ここまでのアキーノの印象は、おそらく偵察する他球団のスコアラーと変わらない。「ローボールは打ちますね」。血気盛んにブンブン振り回す感じもなく、見極めもできている。手の長さを生かし、外角にもバットが届く。2度目の対戦でツーシームを中堅フェンス際まで運ばれた大野雄は「腕が長いですよね。あそこまで飛ばすのはなかなかない」とうなった。
この日同じくシート打撃で対戦した小笠原慎之介投手も「外の真っ直ぐは届くでしょうね」と見る。あとは外角へ逃げていく変化球に手を出さないかがひとつ鍵だと、昨季の10勝左腕は見ている。
真価が問われるのは、本番モードに入っていくここから。

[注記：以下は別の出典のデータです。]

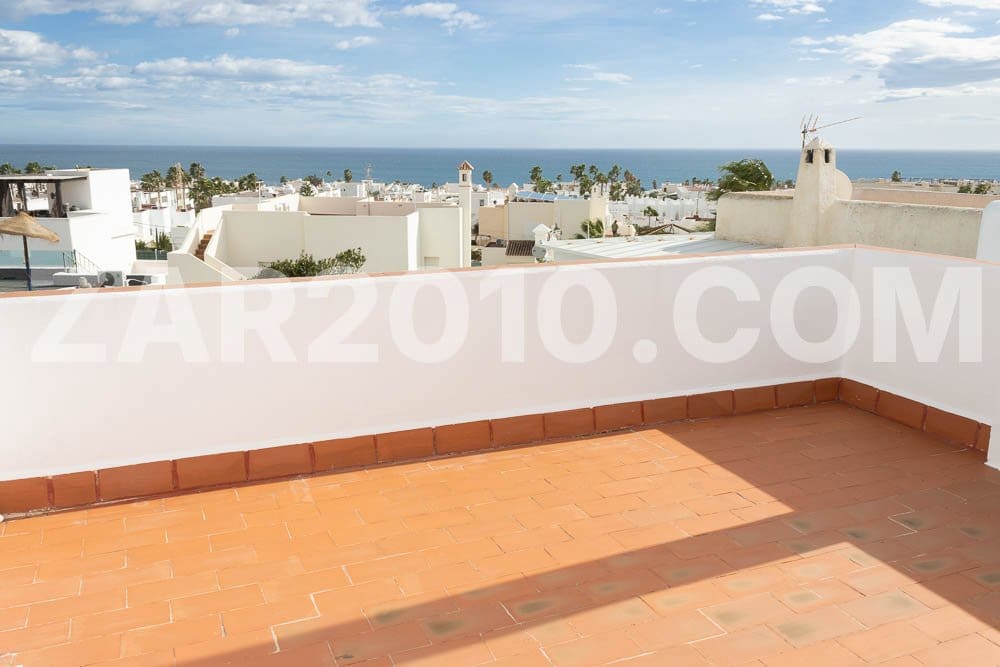 4 chambre Villa/Maison à vendre à Mojacar avec garage - 450 000 € (Ref: 10054300)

立浪和義監督も「弱点っていうのは、必ず相手は見つけてくる。そういう時に対応できる形を見つけていけば」と冷静に見極めていく姿勢を保つ。貧打線を救う救世主となるのか、期待ハズレに終わるのか。沖縄の空を切り裂いた弾道は、少なくとも“前者”だとチームメートが期待を抱くには十分だった。